The ROI for customers using verticalized conversational AI agents begins at labor savings, especially in an environment where wages are rising. To determine the potential value of using a conversational AI agent to automate a function, it’s necessary to look at the communication channels a business uses for a given use-case as well as the average revenue per interaction. The higher the communication volume, the more total work there is to automate, and the more important that channel is to the business. Average revenue per interaction is also significant;, if it’s high, as it is in home services, then the cost of every missed call or text (because a human isn’t always available to answer) is even more painful.

But the ROI extends beyond that, as the revenue upsell opportunity these agents offer can be quite meaningful. The delta between the status quo—often, minimum wage employees with little to no incentive to upsell or cross-sell—and the potential outcome with an intelligent, trained conversational agent system can be massive. A Voice AI conversation can optimize this process, as it can deliver personalized recommendations in a more empathetic and real-time manner. That is certainly the case in the restaurant drive-thru application. Further, beyond revenue upsell, the data a conversational AI agent interacting with customers captures can often add previously untappable insights or opportunities for the enterprise.

(3) Industry expertise is a competitive advantage for AI integration.

Integrating a proprietary conversational agent within a customer’s operations enables direct access to some of the most important parts of the backend, and this serves as an important source of defensibility. Voice conversational agents in healthcare often need to integrate with EHRs and likely multiple disparate legacy systems. In financial services, they must integrate with banking cores to automate more in-depth workflows. With Presto as an example in the restaurant industry, these elements range from a POS system to a digitalized “menu” of offerings to a customer CRM or loyalty system, etc. Getting these integrations right and enabling a conversation and/or transaction to take place in a smooth manner is completely non-trivial. Add in the go-to-market specialization required to integrate something as transformational as conversational AI, and one realizes how challenging it can be for a generalized company to enter a particular vertical against a vertical-focused competitor.

(4) The best AI today is augmented by humans.

The dance between machine and humans, which we view as the holistic AI solution, is critical to accuracy and thus customer adoption.
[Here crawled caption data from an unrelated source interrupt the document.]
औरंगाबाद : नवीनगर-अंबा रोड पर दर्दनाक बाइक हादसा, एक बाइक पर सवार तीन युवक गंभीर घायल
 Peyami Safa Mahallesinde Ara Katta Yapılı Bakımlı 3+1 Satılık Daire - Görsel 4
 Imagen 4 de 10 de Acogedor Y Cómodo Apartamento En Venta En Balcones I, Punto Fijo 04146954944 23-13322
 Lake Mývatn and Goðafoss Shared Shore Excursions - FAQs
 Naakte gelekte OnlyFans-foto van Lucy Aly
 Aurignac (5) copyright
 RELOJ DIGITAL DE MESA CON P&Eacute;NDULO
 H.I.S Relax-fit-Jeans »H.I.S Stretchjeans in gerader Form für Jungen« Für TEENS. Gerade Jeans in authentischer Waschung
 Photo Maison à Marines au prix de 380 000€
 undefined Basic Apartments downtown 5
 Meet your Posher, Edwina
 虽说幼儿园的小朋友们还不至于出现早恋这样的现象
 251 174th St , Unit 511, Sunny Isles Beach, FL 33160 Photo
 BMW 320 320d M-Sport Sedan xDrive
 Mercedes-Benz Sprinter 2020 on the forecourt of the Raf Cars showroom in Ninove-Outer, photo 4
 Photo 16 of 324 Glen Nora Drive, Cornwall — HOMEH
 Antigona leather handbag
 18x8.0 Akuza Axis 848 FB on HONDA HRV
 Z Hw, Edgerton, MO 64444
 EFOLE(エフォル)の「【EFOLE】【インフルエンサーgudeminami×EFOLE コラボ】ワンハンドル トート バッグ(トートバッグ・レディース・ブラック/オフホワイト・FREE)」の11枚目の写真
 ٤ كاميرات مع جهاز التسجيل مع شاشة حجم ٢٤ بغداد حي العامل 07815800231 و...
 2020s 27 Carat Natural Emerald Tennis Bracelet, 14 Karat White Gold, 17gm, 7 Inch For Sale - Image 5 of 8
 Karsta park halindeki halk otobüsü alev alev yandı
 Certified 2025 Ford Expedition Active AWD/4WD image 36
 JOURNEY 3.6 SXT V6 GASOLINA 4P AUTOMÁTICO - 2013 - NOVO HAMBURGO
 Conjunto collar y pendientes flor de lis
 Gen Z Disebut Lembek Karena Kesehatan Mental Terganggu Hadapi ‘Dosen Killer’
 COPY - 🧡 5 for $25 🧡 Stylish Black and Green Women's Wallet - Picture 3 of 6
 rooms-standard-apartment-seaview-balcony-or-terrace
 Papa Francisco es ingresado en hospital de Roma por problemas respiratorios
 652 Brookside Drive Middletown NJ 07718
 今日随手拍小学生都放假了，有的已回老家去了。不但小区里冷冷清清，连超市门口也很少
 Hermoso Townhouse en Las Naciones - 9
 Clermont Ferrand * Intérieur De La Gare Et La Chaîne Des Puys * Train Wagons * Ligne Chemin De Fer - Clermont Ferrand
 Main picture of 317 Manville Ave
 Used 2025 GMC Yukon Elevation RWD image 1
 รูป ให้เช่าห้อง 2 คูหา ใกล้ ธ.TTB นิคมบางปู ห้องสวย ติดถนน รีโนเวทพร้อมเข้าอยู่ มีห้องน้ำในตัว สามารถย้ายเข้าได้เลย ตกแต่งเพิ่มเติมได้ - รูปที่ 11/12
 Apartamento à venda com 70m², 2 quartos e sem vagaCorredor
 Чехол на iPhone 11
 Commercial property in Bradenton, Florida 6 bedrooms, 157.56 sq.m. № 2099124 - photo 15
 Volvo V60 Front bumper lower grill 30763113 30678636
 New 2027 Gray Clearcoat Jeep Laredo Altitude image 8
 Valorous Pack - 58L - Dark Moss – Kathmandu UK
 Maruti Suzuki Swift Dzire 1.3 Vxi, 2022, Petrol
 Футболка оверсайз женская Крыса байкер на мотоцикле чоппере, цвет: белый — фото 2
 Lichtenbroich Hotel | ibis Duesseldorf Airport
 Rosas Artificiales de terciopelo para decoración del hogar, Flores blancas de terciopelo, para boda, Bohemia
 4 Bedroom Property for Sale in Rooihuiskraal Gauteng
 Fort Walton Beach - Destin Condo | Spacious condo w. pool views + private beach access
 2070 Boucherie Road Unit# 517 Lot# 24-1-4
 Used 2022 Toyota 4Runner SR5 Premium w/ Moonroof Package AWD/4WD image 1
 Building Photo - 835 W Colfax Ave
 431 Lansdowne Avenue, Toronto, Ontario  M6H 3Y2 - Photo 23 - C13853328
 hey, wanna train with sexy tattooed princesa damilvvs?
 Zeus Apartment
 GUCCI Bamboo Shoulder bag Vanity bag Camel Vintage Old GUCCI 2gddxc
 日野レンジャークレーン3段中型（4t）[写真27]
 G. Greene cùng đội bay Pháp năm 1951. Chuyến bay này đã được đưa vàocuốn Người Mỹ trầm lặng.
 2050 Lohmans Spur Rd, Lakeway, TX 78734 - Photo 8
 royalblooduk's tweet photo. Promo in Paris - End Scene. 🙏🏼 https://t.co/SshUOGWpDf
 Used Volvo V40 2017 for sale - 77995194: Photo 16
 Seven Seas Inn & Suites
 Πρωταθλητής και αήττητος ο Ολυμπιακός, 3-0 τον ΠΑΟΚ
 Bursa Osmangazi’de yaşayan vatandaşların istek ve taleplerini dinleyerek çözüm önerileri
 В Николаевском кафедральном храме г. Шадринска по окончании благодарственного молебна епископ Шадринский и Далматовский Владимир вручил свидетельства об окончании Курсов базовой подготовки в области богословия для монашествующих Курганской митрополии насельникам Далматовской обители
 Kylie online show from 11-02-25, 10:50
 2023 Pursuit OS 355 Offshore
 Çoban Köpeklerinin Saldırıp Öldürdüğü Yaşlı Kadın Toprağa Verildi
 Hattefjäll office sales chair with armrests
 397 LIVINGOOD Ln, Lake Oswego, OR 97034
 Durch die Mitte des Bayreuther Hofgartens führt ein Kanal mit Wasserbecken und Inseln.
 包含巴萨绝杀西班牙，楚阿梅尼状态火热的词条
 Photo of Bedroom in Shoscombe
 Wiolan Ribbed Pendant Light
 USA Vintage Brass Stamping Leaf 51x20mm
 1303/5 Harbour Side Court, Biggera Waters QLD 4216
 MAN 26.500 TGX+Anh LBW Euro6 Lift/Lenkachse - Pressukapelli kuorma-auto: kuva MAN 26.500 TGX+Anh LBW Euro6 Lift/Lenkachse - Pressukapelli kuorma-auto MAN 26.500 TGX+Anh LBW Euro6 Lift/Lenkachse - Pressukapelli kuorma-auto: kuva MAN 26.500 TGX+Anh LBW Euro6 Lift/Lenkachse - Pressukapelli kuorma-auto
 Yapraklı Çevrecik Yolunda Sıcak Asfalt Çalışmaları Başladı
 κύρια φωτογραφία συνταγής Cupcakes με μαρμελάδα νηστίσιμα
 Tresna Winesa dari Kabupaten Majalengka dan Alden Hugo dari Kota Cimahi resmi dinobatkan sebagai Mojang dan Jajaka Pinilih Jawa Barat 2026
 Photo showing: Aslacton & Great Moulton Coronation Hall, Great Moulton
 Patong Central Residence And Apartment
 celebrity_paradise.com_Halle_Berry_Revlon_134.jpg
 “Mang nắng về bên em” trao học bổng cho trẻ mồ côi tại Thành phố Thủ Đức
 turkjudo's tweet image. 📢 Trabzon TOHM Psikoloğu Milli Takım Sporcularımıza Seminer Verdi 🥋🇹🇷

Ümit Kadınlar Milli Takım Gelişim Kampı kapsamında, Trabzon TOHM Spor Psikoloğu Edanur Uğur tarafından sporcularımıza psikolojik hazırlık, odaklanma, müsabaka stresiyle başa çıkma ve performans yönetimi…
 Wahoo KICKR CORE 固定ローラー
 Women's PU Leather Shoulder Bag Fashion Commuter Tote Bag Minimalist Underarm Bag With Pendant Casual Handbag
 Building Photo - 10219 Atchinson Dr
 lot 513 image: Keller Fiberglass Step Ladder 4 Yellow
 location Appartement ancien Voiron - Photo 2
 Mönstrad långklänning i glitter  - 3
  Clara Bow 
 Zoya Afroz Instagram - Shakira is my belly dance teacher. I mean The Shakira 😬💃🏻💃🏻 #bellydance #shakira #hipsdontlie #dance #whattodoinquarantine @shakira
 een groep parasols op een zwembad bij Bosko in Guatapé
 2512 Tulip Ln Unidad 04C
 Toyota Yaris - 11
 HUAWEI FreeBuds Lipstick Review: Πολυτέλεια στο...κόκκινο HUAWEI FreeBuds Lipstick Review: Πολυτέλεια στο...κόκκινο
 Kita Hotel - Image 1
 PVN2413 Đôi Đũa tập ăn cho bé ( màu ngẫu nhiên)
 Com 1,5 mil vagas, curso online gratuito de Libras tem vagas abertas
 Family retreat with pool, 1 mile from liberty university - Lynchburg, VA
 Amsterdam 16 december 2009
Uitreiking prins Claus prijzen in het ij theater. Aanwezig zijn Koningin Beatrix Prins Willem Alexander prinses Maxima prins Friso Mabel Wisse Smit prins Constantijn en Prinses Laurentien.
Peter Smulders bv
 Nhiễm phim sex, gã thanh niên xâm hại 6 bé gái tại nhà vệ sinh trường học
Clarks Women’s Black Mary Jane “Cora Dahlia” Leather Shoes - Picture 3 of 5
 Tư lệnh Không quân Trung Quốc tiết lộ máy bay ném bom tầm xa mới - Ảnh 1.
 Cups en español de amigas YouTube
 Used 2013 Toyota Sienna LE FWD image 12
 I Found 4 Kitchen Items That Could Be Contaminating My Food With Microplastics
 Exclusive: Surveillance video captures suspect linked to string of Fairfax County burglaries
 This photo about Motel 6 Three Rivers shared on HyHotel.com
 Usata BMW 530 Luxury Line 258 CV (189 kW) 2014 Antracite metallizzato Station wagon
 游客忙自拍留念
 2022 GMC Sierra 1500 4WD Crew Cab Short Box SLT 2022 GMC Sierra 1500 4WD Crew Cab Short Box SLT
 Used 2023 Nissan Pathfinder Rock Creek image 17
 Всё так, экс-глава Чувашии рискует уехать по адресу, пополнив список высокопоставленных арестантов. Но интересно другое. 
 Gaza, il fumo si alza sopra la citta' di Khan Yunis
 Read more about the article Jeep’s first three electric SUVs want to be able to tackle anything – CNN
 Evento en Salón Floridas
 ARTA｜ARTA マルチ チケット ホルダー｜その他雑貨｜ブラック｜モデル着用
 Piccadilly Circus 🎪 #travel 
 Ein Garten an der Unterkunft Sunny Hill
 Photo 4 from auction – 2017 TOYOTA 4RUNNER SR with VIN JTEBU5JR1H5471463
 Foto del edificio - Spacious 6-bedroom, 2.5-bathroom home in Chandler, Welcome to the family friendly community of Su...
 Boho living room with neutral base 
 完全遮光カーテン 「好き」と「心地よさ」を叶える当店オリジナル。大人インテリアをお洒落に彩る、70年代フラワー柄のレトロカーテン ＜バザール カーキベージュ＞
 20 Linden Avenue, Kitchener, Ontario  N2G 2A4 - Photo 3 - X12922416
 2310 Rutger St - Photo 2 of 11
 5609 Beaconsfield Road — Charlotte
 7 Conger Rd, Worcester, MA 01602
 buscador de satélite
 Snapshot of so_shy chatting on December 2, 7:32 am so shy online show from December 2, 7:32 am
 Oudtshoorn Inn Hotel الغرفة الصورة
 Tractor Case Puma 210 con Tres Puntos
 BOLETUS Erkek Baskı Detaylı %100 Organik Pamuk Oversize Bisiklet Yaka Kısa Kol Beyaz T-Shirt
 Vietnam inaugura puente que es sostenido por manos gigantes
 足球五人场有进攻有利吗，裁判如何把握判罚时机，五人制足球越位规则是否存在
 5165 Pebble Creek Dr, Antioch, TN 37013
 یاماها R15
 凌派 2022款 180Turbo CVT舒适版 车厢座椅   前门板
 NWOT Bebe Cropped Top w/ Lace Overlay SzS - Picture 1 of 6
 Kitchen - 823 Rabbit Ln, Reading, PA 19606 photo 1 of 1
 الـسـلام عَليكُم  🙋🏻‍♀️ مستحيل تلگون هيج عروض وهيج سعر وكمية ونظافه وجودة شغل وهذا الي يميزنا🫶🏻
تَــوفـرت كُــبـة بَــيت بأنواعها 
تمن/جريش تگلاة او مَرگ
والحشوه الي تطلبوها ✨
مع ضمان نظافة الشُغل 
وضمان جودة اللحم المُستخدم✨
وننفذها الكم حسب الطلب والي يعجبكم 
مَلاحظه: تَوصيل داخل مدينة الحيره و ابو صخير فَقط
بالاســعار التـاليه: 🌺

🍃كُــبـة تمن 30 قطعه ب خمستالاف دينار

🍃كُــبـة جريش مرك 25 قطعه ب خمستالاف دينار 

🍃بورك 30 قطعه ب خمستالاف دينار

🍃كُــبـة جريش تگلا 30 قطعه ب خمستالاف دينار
As I’ve learned, the state-of-the art tech is *not* good enough to have a latency-free, edge case-covering, accurate conversation right away while also syncing into all the backend hooks required for particular verticalized use cases. Like most leading AI applications, human-in-the-loop is initially required to fine-tune AI models, but it’s tricky to get it right. Over time, the conversational agent will become less reliant on humans—even as the customers continue to care almost entirely about the output. The companies that succeed here will win customers quickly, which then enables them to train their AI systems, which in turn allows them to scale their businesses in a way that improves margins. I’m keen to find companies that understand this balance and lean into it.

We’ve already made several verticalized voice AI investments, and we’re actively looking for more. As the AI transformation journey continues into 2024 and beyond, we look forward to building companies at the cutting edge of voice AI technology to generate real value across industries.